Semarang, elsaonline.com – Gubernur Jawa Tengah Ganjar Pranowo mengingatkan semua pihak supaya mengantisipasi potensi intoleransi di sekolah. Gubernur bercerita, pihaknya menemukan sebuah kejadian di sekolah yang menurutnya masuk dalam kategori bahaya laten intoleransi.
“Kami temui orang tuanya (korban), dia cerita, ‘pada saat lapor gurunya, gurunya ikut menyalahkan (korban). (Kalau begini) pasti anak memilih pindah sekolah. Buat saya ini laten (intoleransi). Mbak Yenni makasih, sudah mengedukasi (sekolah di Jateng),” papar Ganjar pada pembukaan Jateng Edufest, melalui zoom, Rabu, 21 April 2021.
Gubernur juga menyinggung kasus yang terjadi di sebuah sekolah di Sragen Jateng. “Kita menemukan contoh tidak baik. Terjadi kasus di sragen, siswa yang tidak menggunakan kudung diintimidasi, itu ya jangan dong,” tukas alumnus UGM Yogyakarta ini.
Mantan anggota DPR RI ini berpesan, sebagai warga negara harusnya taat dan patuh dengan kesepakatan para pendiri bangsa yang telah merumuskan Pancasila. Pancasila inilah cermin bagaimana semua golongan ini harus dilindungi.
“Para pendiri bangsa pengennya hidup bersama (dalam rumah Pancasila). Kalo sudah sepakat ya tolong dong kita ikuti. Penterjemahannya juga harus diterapkan dalam edukasi (lembaga pendidikan),” kata Gubernur.
Sekolah Menyenangkan
Dalam kesempatan terakhir Gubernur menegaskan bahwa sekolah sudah waktunya berfikir maju. Masa depan bangsa Indonesia ada pada generasi muda di sekolah. “(Untuk wujudkan itu) kami ada gerakan sekolah menyenangkan, kita harus berfikir masa depan, bagaimana pangan tercukupi, bagaimana teknologi berkembang,” pesan Ganjar.
Direktur Wahid Foundation Yenni Wahid yang juga menjadi narasumber memaparkan, saat ini ada tiga tantangan pendidikan; disrupsi, ekologi dan emosi. Untuk itu, Gus Dur menekankan pendidikan tidak hanya menghadirikan ranah kognisi tapi juga karakater.
“Jadi bukan hanya cerdas tapi siswa juga berkarakter. Itulah yang membuat Wahid (Foundation) menginisiasi peace school atau sekokah damai,” katanya.
Yenni, sapaan akrabnya, menambahkan, disrupsi terjadi karena berbagai perubahan sosial.
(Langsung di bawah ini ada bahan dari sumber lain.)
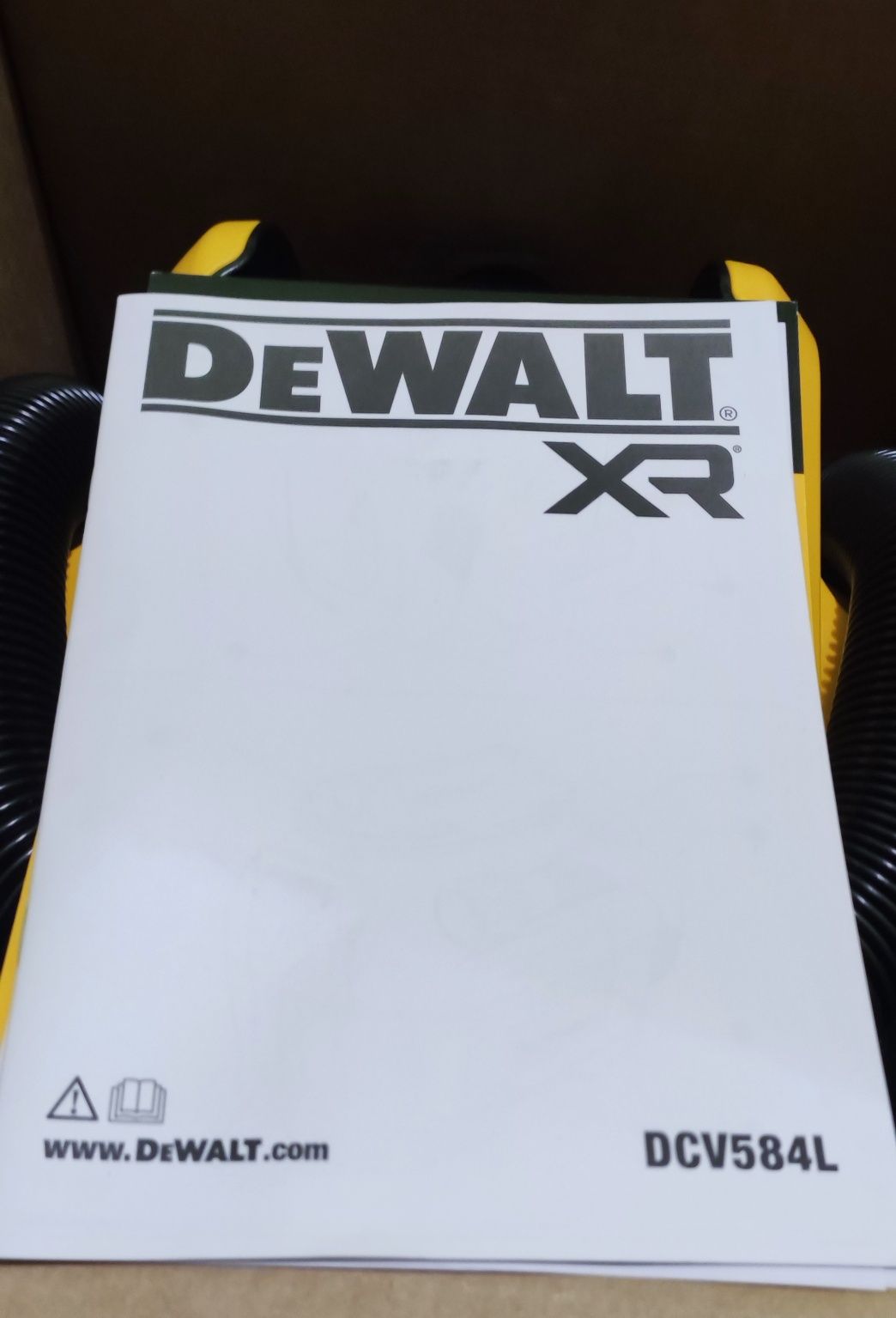 Dewalt dcv584l пилосос оригінал із Англії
Perubahan itu bisa karena sosial media, termasuk karena pandemi, dan teknologi seperti sekarang ini.
“Kita melihat misalnya teroris milenial. Itu faktor utamanya karena sedang merasa gelisah, anak-anak yang putus asa, dan tidak percaya diri. Dalam kondisi demikian mereka sangat mudah terprovokasi dan terkontaminasi (paham-paham) dari luar,” tuturnya.
Cegah Radikalisme
Menurut Yenni, penerapan budaya damai di sekolah, bukan saja mencegah tindak intoleran. Tapi juga meningkatkan kapasitas guru dan tenaga kependidikan dalam mengatasi persoalan atau potensi konflik keagamaan. Saat ini ada lima sekolah mitra Wahid Foundation di Jateng dan 20 sekolah di empat provinsi di Indonesia.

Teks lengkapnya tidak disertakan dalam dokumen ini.